Washington, Sep 9 (EFE).- A total of 83 percent of registered U.S. Hispanic voters said they would cast a ballot in the Nov. 8 presidential election, according to a new America’s Voice/Latino Decisions survey published Friday.
The nationwide poll, which provided a breakdown of projected Hispanic voter participation in key states such as Florida, Nevada, North Carolina, Ohio, Virginia, Colorado and Arizona, found that only 3 percent of Hispanics were certain they would not vote, while 9 percent said they “probably” would and 5 percent were undecided.
In North Carolina, 76 percent of Hispanics said they would cast a ballot, compared with 77 percent in Ohio and Virginia.
Immigration was listed by 38 percent of respondents as the country’s most pressing issue, followed by the economy (32 percent), health care (14 percent) and discrimination (14 percent).
But when asked which issues the White House and Congress should most urgently address, 36 percent said the economy and 30 percent said immigration.
Those surveyed had sharply diverging opinions of the two main presidential candidates, with Democratic nominee Hillary Clinton and GOP rival Donald Trump viewed favorably by 68 percent and 21 percent of respondents, respectively.
A total of 29 percent of respondents said they had a negative opinion of Clinton, while 74 percent viewed Trump unfavorably.
They expressed similar opinions about the candidates’ running mates, with 19 percent of respondents having an unfavorable view of the Democratic vice presidential nominee, Virginia Sen.
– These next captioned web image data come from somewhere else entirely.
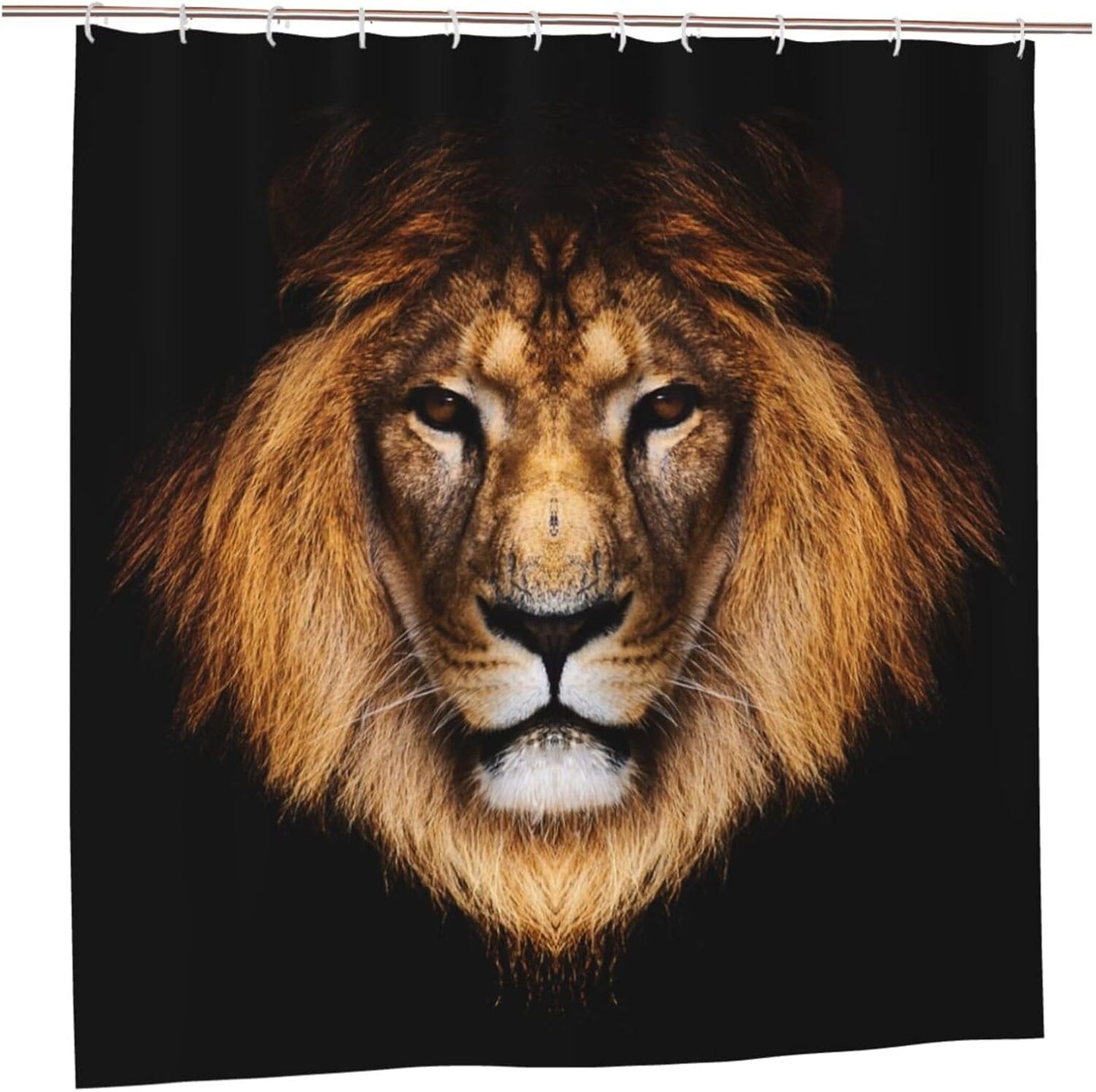 Cool Brown Lion Head Plastic Shower Curtain Liner 72x72in Extra Long Shower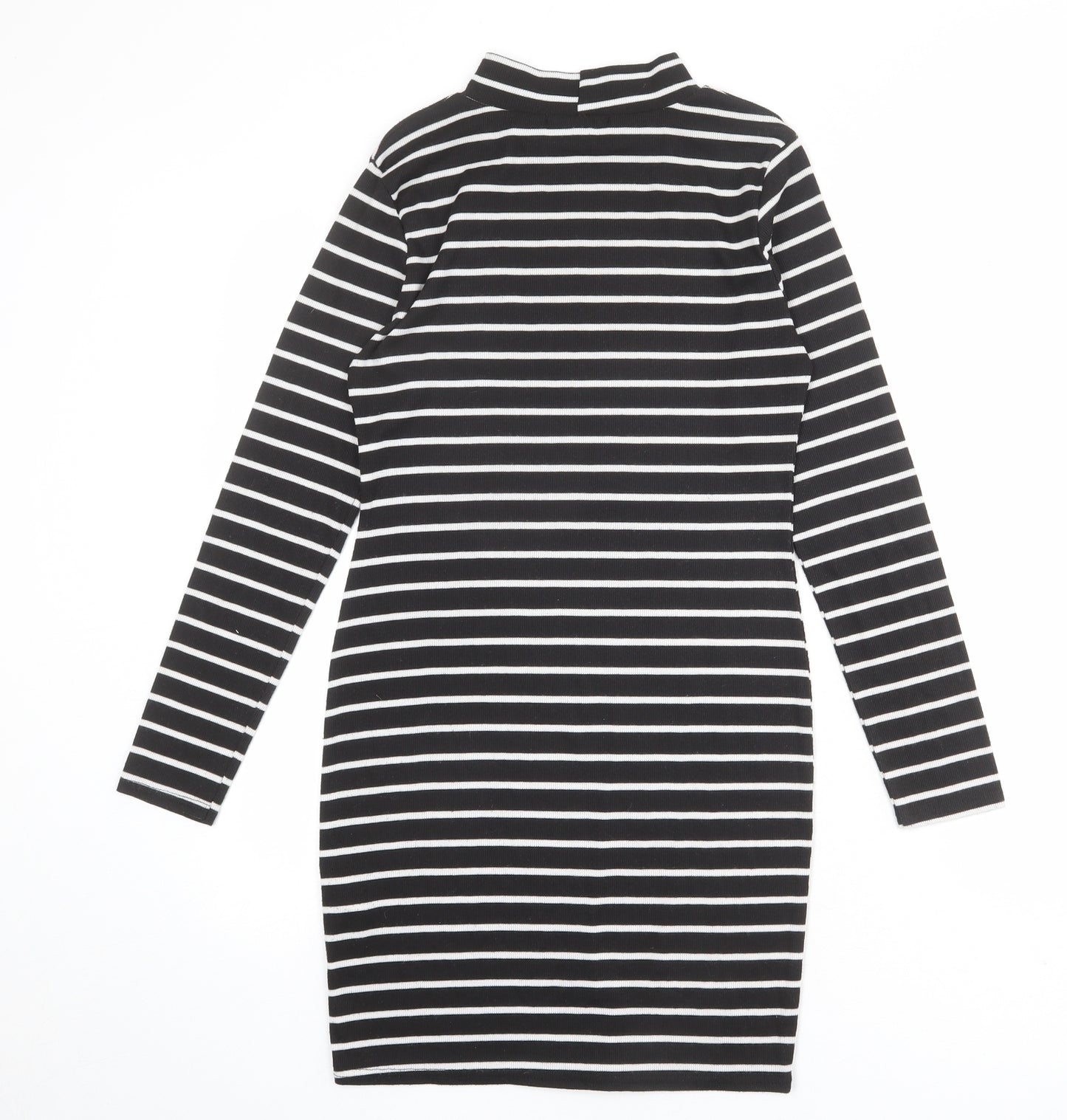 Cameo Rose Womens Black Striped Polyester T-Shirt Dress Size 14 Mock Neck Pullover
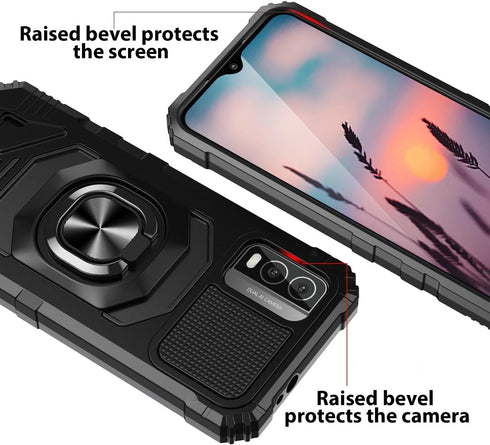 TJS Nokia C210 Case with Tempered Glass Screen Protector, Heavy Duty Drop Protection (Black)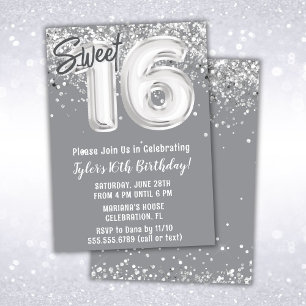 Grey Silver Sweet 16th Birthday Party Invitation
Tim Kaine, and 41 percent expressing a negative opinion of his GOP counterpart, Indiana Gov. Mike Pence.
The poll showed that current President Barack Obama is more popular than Clinton among Hispanics, 75 percent of whom expressed approval of his performance in office.
A total of 70 percent of Latinos nationwide said they would vote for Clinton in November, while 19 percent said they would cast a ballot for Trump and 5 percent indicated they were undecided.
The survey, which has a margin of error of roughly 1.6 percentage points, was conducted among 3,729 Hispanic registered voters between Aug. 19-30.